What to work on:
Exactly how many lines in this data contain the word "Blouse"? Only the number should be given.

Recorded data:
◇ ◇ ◇ ◇ ◇ ◇ ◇

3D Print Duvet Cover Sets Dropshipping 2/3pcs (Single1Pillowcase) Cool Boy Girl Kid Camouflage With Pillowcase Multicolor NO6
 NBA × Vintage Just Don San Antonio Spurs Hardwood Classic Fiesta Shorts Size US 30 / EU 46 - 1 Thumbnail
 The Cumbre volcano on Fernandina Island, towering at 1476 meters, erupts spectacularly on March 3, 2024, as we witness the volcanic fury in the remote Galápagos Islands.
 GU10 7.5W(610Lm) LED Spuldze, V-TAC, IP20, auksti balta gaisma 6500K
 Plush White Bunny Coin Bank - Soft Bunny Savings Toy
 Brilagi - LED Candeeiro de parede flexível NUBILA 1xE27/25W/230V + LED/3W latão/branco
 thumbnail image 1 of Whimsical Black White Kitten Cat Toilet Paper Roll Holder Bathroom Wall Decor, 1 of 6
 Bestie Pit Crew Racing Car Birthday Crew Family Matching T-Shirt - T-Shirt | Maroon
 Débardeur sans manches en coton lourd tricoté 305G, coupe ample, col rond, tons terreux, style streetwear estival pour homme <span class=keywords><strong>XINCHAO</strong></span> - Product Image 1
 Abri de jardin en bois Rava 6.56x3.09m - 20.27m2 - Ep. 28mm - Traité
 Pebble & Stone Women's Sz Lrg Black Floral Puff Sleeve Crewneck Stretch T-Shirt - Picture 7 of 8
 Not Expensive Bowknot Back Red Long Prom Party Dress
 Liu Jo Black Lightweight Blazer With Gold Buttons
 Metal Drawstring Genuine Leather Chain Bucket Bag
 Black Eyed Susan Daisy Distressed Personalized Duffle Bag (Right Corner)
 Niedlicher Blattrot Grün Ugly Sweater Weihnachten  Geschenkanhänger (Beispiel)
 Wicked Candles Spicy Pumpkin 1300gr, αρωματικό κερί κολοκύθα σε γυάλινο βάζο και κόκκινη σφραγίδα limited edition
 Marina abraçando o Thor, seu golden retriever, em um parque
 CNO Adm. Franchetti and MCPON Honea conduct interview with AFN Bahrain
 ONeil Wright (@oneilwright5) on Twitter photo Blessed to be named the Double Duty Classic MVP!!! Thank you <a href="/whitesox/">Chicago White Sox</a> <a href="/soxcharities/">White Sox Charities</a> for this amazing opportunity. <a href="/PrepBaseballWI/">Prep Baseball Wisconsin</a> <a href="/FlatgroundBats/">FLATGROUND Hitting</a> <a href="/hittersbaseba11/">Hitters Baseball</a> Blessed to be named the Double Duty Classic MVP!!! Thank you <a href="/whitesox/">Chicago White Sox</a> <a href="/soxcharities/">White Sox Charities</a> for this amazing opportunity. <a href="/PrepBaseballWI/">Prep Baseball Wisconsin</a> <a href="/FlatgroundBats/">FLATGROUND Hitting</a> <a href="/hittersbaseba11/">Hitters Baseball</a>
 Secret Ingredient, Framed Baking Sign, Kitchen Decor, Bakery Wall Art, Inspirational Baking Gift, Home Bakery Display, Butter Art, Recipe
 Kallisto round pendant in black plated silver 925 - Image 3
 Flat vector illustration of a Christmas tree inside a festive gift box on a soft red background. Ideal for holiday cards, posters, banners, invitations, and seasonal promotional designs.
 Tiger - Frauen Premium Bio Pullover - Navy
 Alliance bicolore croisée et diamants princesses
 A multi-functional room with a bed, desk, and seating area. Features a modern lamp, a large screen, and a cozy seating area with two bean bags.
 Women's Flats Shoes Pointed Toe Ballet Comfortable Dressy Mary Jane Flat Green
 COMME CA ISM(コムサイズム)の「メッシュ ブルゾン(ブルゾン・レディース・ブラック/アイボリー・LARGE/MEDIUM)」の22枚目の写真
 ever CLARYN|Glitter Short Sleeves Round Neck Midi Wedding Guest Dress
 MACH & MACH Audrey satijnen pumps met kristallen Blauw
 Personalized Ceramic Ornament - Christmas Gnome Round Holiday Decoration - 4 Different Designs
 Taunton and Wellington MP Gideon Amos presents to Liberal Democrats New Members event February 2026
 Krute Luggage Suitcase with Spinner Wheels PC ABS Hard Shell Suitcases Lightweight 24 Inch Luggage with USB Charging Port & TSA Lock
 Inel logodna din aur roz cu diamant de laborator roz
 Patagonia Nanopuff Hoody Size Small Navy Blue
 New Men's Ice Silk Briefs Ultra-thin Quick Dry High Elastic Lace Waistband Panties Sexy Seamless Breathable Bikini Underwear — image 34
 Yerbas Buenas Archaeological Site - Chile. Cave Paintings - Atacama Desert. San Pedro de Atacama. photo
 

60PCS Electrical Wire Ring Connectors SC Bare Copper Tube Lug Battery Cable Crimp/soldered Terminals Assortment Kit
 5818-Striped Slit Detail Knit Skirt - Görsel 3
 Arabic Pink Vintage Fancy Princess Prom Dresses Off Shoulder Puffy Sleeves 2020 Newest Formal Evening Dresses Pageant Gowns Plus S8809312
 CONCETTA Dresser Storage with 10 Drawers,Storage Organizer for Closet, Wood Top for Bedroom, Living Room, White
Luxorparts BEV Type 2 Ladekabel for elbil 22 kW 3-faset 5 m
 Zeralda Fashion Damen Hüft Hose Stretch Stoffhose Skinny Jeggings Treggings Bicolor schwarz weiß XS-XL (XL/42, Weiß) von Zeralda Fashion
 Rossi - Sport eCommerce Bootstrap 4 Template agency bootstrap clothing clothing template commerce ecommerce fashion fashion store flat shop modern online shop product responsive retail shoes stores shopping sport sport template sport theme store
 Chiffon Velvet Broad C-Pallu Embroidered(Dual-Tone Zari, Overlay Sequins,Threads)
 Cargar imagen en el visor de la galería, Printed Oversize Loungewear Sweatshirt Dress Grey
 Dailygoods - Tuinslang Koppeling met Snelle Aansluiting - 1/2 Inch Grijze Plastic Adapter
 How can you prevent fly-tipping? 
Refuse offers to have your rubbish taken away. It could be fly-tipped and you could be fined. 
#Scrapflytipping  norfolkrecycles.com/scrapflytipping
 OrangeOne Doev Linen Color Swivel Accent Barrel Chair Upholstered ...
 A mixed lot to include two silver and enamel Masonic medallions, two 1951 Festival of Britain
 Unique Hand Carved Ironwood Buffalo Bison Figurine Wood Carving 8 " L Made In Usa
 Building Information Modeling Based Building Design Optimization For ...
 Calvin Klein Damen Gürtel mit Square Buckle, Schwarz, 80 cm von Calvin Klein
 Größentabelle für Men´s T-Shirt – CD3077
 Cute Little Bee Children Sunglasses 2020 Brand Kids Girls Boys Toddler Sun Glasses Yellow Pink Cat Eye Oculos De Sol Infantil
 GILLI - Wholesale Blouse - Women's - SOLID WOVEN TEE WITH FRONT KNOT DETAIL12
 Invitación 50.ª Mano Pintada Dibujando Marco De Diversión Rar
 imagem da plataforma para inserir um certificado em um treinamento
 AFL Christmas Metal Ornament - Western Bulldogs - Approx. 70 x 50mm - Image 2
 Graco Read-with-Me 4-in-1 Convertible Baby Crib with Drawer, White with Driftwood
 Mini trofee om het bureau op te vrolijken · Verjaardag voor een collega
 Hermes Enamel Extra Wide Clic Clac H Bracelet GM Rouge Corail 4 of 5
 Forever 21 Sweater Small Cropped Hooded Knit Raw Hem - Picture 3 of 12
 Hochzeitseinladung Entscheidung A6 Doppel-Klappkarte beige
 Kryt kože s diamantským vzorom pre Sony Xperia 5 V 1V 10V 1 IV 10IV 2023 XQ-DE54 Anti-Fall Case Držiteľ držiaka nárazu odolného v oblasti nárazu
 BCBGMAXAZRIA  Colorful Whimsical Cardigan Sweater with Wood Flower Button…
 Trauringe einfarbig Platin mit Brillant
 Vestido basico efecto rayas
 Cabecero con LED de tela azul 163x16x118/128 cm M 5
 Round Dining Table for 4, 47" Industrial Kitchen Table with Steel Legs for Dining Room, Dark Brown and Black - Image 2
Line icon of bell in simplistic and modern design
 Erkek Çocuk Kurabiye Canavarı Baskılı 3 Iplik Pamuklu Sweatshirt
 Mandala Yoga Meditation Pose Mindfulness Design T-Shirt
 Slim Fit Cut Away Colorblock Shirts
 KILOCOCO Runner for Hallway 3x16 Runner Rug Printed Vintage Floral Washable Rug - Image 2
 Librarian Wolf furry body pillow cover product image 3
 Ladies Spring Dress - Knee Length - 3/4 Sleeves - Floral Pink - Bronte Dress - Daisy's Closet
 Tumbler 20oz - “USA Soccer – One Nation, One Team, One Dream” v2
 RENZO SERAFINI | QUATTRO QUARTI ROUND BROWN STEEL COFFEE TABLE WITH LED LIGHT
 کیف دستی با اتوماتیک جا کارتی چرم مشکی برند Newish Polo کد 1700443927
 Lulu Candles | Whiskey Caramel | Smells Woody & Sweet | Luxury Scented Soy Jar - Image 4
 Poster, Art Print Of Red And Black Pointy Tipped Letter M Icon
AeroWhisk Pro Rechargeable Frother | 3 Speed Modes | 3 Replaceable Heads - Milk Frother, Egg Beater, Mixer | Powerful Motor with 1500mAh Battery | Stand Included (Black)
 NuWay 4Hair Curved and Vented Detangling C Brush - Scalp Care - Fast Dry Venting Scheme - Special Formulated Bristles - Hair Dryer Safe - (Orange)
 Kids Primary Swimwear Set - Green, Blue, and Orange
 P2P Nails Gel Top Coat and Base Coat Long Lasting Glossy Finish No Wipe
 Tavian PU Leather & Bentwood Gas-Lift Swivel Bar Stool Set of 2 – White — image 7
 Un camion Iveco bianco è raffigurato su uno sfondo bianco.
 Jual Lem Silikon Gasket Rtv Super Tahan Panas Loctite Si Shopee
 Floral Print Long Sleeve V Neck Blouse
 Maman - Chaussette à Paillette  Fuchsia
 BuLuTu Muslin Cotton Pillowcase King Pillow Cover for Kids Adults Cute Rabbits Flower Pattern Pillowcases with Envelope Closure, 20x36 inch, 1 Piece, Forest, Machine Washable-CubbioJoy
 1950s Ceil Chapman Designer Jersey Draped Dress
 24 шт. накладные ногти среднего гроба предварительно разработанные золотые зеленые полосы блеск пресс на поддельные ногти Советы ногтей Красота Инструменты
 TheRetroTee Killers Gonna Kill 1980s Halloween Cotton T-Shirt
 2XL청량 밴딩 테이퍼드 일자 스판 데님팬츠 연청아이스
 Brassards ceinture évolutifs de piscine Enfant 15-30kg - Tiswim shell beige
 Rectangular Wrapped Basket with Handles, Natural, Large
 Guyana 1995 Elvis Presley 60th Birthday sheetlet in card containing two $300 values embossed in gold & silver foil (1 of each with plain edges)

◇ ◇ ◇ ◇ ◇ ◇ ◇

The completed task:
2